→ What the exercise asks: Here are some records. Transcribe all of them exactly.

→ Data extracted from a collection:

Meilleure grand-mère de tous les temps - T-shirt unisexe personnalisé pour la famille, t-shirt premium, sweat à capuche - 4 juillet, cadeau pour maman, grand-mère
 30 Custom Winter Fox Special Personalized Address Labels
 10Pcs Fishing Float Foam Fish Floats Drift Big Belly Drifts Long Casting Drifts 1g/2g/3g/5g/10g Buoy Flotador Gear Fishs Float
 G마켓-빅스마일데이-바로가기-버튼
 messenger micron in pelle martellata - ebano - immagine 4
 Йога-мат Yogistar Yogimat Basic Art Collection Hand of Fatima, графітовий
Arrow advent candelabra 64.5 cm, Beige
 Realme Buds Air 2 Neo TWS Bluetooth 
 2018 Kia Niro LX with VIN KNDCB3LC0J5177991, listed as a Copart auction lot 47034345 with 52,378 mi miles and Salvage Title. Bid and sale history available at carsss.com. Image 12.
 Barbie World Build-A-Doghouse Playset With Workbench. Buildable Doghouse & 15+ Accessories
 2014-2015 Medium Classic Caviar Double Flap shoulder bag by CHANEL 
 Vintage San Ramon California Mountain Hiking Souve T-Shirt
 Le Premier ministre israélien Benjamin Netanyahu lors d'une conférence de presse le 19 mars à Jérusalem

→ Response to the exercise:
Meilleure grand-mère de tous les temps - T-shirt unisexe personnalisé pour la famille, t-shirt premium, sweat à capuche - 4 juillet, cadeau pour maman, grand-mère
 30 Custom Winter Fox Special Personalized Address Labels
 10Pcs Fishing Float Foam Fish Floats Drift Big Belly Drifts Long Casting Drifts 1g/2g/3g/5g/10g Buoy Flotador Gear Fishs Float
 G마켓-빅스마일데이-바로가기-버튼
 messenger micron in pelle martellata - ebano - immagine 4
 Йога-мат Yogistar Yogimat Basic Art Collection Hand of Fatima, графітовий
Arrow advent candelabra 64.5 cm, Beige
 Realme Buds Air 2 Neo TWS Bluetooth 
 2018 Kia Niro LX with VIN KNDCB3LC0J5177991, listed as a Copart auction lot 47034345 with 52,378 mi miles and Salvage Title. Bid and sale history available at carsss.com. Image 12.
 Barbie World Build-A-Doghouse Playset With Workbench. Buildable Doghouse & 15+ Accessories
 2014-2015 Medium Classic Caviar Double Flap shoulder bag by CHANEL 
 Vintage San Ramon California Mountain Hiking Souve T-Shirt
 Le Premier ministre israélien Benjamin Netanyahu lors d'une conférence de presse le 19 mars à Jérusalem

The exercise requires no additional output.